Do lado de dentro do “guichet” de atendimento duas mulheres conversam. Uma mais velha, outra menos; a que me atendeu e facultou os documentos que queria consultar. Por isso fiquei ali, na sala, do lado de fora, durante uma boa meia hora, concentrada nos papéis, mas desconcentrada com a conversa das duas. A jovem, que ao primeiro olhar me pareceu serena e tranquila, era afinal uma mulher revoltada, com uma capa obrigatória que enverga no atendimento público. Percebi isso mais tarde, na sua oralidade revoltada e sem comedimento de volume, que se ergueu por diversas vezes, contra alguém, que lhe anda a fazer a vida negra, para tirar da sua custódia, duas crianças de tenra idade. Mostrou-se disposta a lutar e a enfrentar todas as instâncias, para as segurar. Mais tarde, a sua colega de trabalho comentava com outra, que a rapariga em causa, vive uma situação complexa também a nível financeiro com repercussões, sobretudo na alimentação.
Enquanto eu me tentava concentrar no propósito da minha deslocação aquele lugar, ainda ouvi mais uma conversa que a dois metros se desenrolava. Mais uma jovem, esta bem mais do que a outra, queixava-se à amiga, das contas absurdas, que a colega com quem partilha a casa, lhe tem apresentado, referindo por diversas vezes a frase “eu não tenho dinheiro para pagar isso”.
Por mais que eu tente, é quase impossível não aturdir com os problemas dos outros, quando esses outros, falam da sua vida privada, em público, sem moderação de tom de voz e na maior das descontracções.

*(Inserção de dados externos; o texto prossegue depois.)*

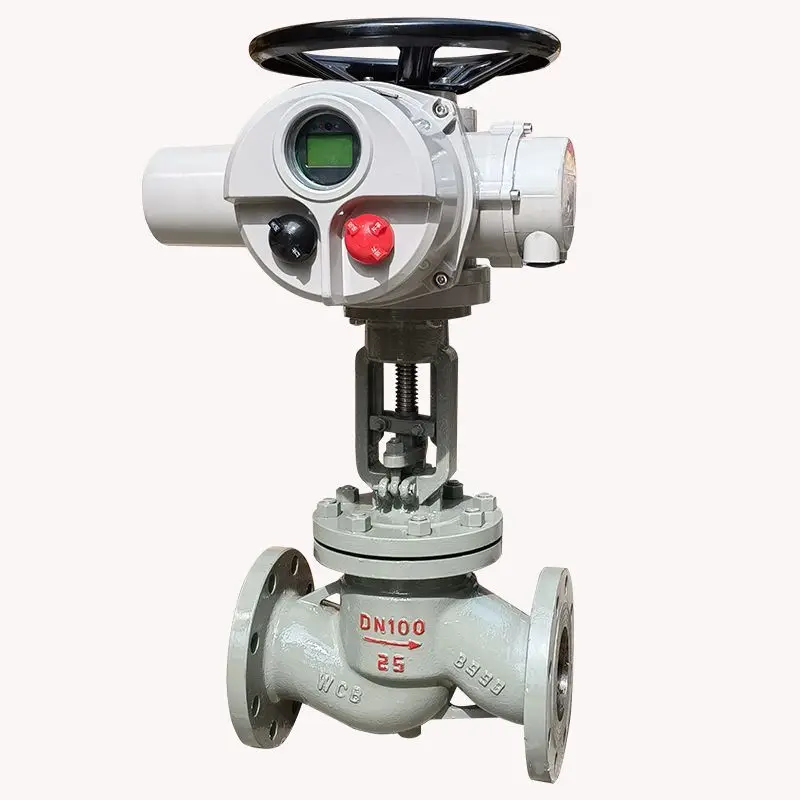 J941H Power Plant Globe Valve High Temp High Pressure Steam Heat Conduction Oil Use With 485 Remote Control And Regulation Jobs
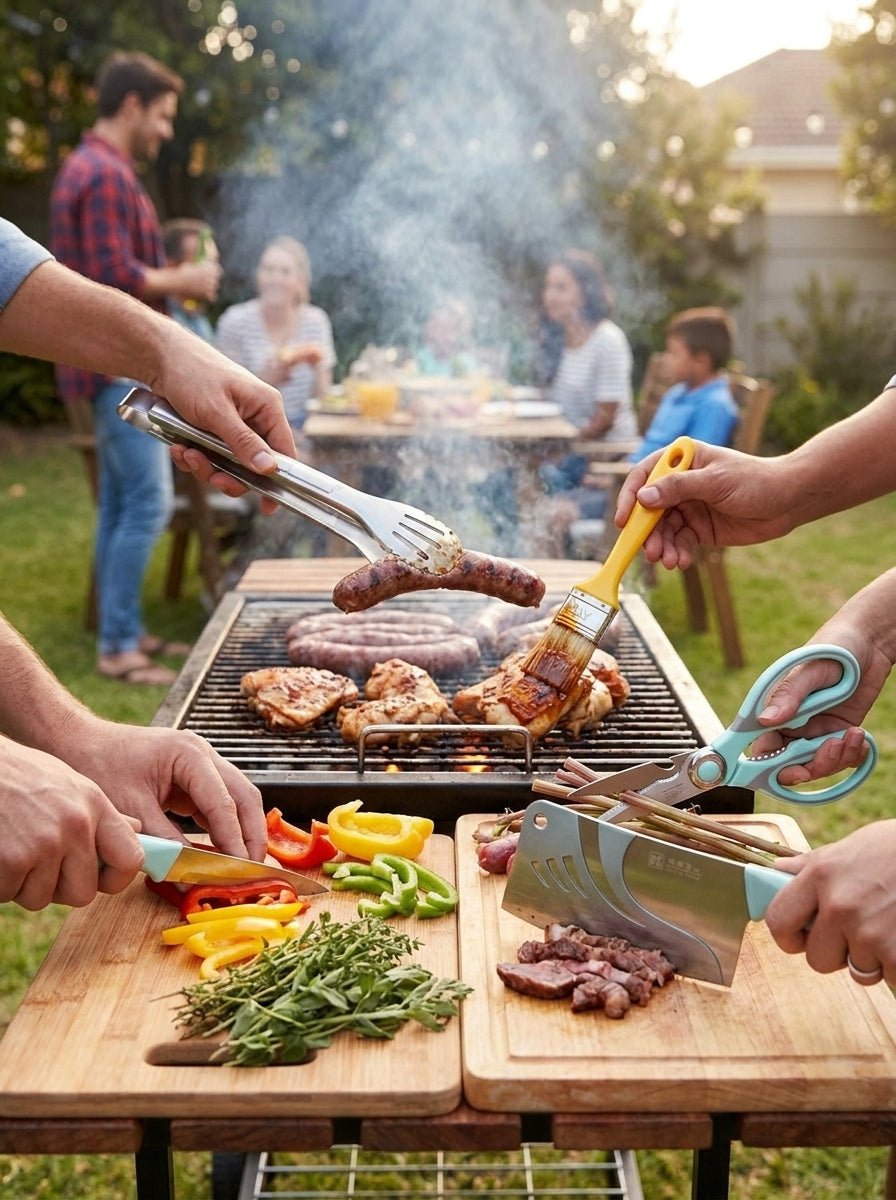 3-Piece Premium Braai & BBQ Tool Set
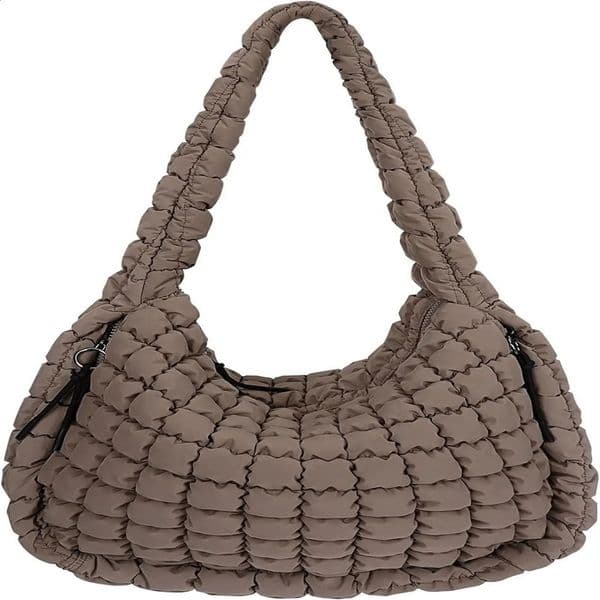 Womens handbag large bedding inflatable shoulder bag lightweight pad homeless bolsas bolso mujer 240813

Em ambas as conversas, um denominador comum: o dinheiro. Para o bem e para o mal temos de viver com ele. Mas é a sua escassez ou mesmo ausência, que faz a realidade perder a sanidade necessária.
A minha consulta aos documentos em causa, ficou-se pelo tirar de umas notas e tópicos que procurarei encontrar com mais pormenor, no mundo virtual e na tranquilidade do meu espaço, onde não ouço conversas alheias e onde, só um simples e doce “miau” me pode desconcentrar.